Using the data below, return the stretch from the line that contains "SUNSET Table et" through the line that contains "Ar-condicionado pega fogo", both included, exactly as it stands and nothing beyond it.

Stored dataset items
==*==

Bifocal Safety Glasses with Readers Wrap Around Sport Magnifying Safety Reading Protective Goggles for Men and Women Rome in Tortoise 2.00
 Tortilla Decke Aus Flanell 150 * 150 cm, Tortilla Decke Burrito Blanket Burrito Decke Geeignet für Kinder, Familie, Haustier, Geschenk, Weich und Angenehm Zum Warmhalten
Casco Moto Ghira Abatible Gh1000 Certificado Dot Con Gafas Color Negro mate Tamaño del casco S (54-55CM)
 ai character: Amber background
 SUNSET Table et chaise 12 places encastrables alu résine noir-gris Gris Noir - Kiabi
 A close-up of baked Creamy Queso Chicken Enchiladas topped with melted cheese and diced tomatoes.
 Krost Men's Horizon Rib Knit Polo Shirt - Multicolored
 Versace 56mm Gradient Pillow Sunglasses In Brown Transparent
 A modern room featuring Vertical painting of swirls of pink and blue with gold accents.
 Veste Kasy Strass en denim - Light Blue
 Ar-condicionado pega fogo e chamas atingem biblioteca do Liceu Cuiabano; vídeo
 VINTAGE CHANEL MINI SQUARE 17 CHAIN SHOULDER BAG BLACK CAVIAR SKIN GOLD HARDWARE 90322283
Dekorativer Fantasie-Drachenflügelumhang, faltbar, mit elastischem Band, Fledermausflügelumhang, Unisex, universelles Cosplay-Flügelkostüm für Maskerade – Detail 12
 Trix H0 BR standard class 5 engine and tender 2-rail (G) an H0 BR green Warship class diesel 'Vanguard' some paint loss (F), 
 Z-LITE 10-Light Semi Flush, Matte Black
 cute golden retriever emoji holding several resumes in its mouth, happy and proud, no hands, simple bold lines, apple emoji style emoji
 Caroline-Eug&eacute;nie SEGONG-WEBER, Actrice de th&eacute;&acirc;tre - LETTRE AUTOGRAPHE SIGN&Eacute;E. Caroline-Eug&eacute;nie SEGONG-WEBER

==*==

PROBLEM SOLUTION:
 SUNSET Table et chaise 12 places encastrables alu résine noir-gris Gris Noir - Kiabi
 A close-up of baked Creamy Queso Chicken Enchiladas topped with melted cheese and diced tomatoes.
 Krost Men's Horizon Rib Knit Polo Shirt - Multicolored
 Versace 56mm Gradient Pillow Sunglasses In Brown Transparent
 A modern room featuring Vertical painting of swirls of pink and blue with gold accents.
 Veste Kasy Strass en denim - Light Blue
 Ar-condicionado pega fogo e chamas atingem biblioteca do Liceu Cuiabano; vídeo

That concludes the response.